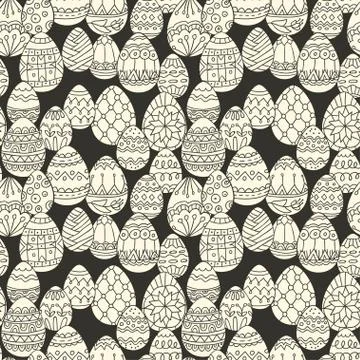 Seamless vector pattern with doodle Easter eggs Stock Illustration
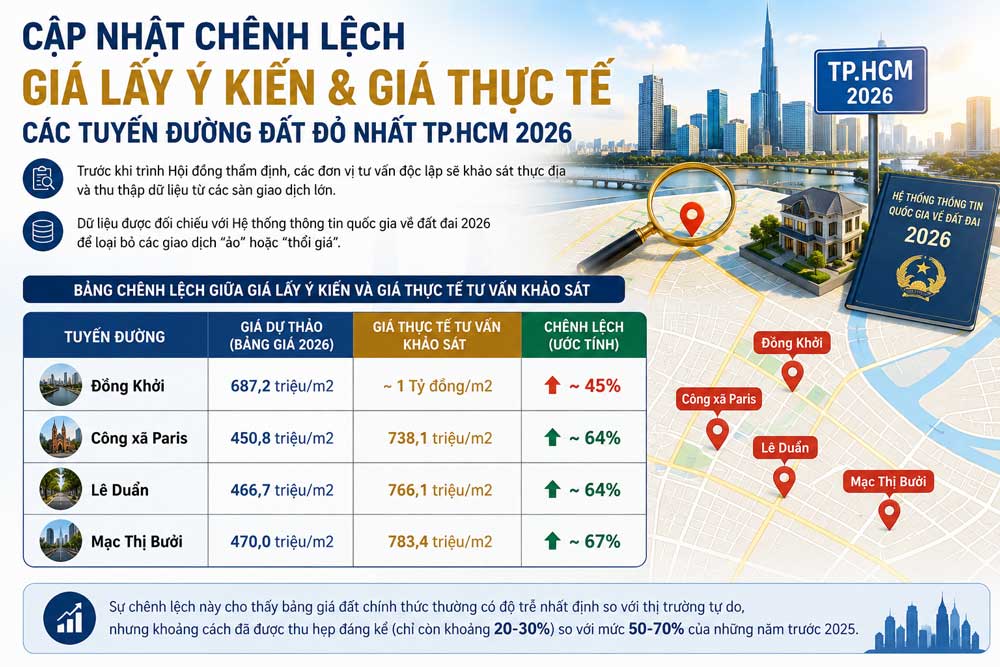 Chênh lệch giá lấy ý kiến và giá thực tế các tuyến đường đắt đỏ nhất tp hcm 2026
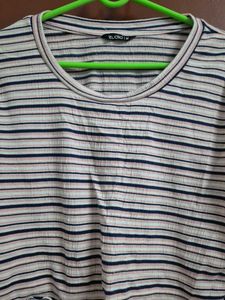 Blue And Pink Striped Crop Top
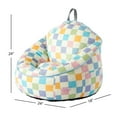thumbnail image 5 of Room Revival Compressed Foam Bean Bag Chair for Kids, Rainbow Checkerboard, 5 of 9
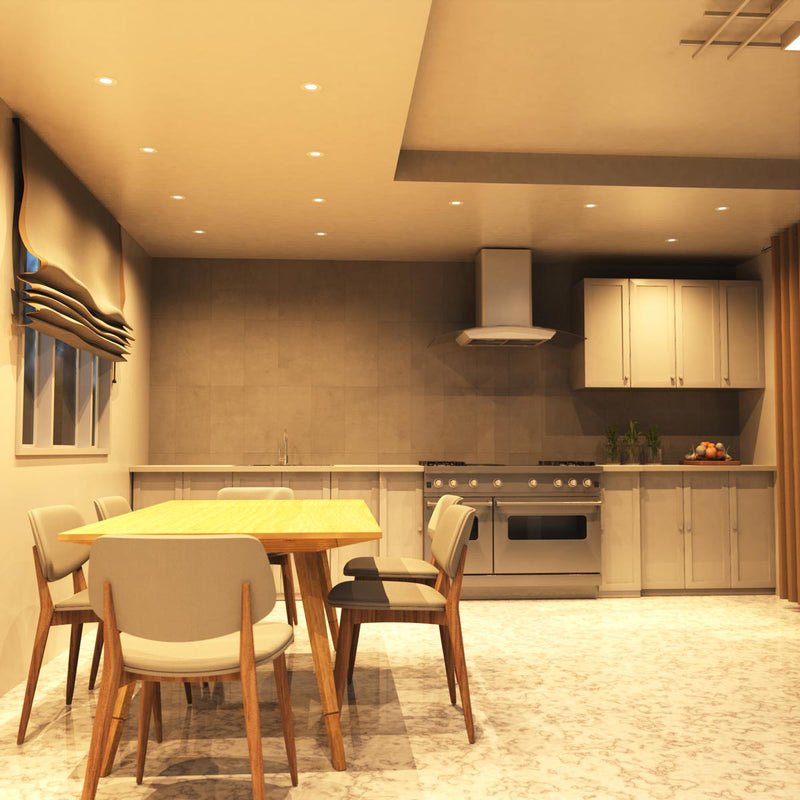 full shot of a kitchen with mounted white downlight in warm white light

§ Requirement
Every line from the one that holds "Chênh lệch giá" to the end of the listing should be output exactly, with pictures left out, please.

§ Task result
 Chênh lệch giá lấy ý kiến và giá thực tế các tuyến đường đắt đỏ nhất tp hcm 2026
 Blue And Pink Striped Crop Top
thumbnail image 5 of Room Revival Compressed Foam Bean Bag Chair for Kids, Rainbow Checkerboard, 5 of 9
 full shot of a kitchen with mounted white downlight in warm white light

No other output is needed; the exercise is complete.